Psychiatric Annals
- Discipline: Psychiatry
- Language: English
- Edited by: Andrew A. Nierenberg

Publication details
- History: 1971-present
- Publisher: Slack
- Frequency: Monthly
- Open access: Hybrid
- Impact factor: 0.336 (2017)

Standard abbreviations
- ISO 4: Psychiatr. Ann.

Indexing
- ISSN: 0048-5713 (print) 1938-2456 (web)
- LCCN: 2008212587
- OCLC no.: 882742346

Links
- Journal homepage; Online access; Online archive;

= Psychiatric Annals =

Psychiatric Annals is a monthly peer-reviewed review journal covering the field of psychiatry. It is published by Slack and the editor-in-chief is Andrew A. Nierenberg (Harvard Medical School).

==History==
The journal was established in September 1971 under the editorship of Dana Farnsworth and Howard P. Rome. It was published by Insight Communications In 1975, Francis Braceland became co-editor. In 1977 the journal published a collection of articles in book format, titled Psychiatrists and the legal process : diagnosis and debate. The articles had previously been published in the journal in the period 1973–1977. Nancy Arnold Roeske became editor in the early 1980s, when Farnsworth and Braceland stepped down.
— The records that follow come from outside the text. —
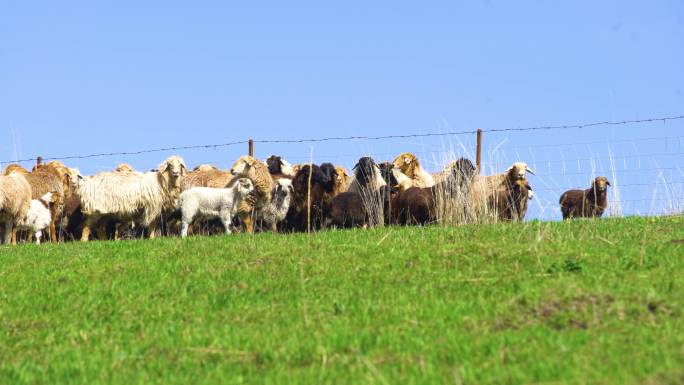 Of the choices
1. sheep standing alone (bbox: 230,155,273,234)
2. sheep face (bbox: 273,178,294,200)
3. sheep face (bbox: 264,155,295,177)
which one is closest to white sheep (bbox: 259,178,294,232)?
sheep face (bbox: 273,178,294,200)

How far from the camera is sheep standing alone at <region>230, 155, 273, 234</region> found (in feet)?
64.6

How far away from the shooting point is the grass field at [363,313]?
634 cm

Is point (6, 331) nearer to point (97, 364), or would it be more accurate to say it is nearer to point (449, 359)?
point (97, 364)

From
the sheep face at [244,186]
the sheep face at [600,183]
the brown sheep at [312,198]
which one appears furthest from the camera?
the sheep face at [600,183]

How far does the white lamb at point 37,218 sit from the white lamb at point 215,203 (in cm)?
255

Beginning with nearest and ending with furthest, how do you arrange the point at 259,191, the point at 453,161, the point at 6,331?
1. the point at 6,331
2. the point at 453,161
3. the point at 259,191

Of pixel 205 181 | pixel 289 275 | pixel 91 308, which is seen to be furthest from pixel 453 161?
pixel 91 308

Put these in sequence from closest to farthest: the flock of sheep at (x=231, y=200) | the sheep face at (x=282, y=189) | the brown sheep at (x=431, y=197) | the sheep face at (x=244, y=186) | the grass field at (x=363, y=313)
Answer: the grass field at (x=363, y=313)
the brown sheep at (x=431, y=197)
the flock of sheep at (x=231, y=200)
the sheep face at (x=244, y=186)
the sheep face at (x=282, y=189)

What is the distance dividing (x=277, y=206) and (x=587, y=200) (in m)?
7.61

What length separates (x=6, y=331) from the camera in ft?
28.3

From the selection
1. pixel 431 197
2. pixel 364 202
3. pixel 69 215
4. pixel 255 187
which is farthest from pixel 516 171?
pixel 69 215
In 1980 the publication was acquired by Charles B. Slack (later shortened to just Slack). Roeske continued as editor until her death in 1986. In the wake of this circumstance Howard Rome assumed the main editorial responsibility. In 1988 the journal focused on problems of adolescent medical care in its December issue.

In 1992 the journal welcomed Jan Fawcett to the editorial board. Fawcett took on responsibilities as co-editor alongside Howard Rome, and stayed on as editor of the journal until 2018.

In April 2018 SLACK Incorporated announced that it was introducing a new format and a new editor, Andrew A. Nierenberg, to the journal. New features included a mix of peer-reviewed articles, original research, and case reports; peer-tested content; updated printing design; and a new editorial board.

==Abstracting and indexing==
The journal is abstracted and indexed in Current Contents/Social & Behavioral Sciences, ProQuest databases, PsycINFO, Scopus, and the Social Sciences Citation Index. According to the Journal Citation Reports, the journal has a 2017 impact factor of 0.336.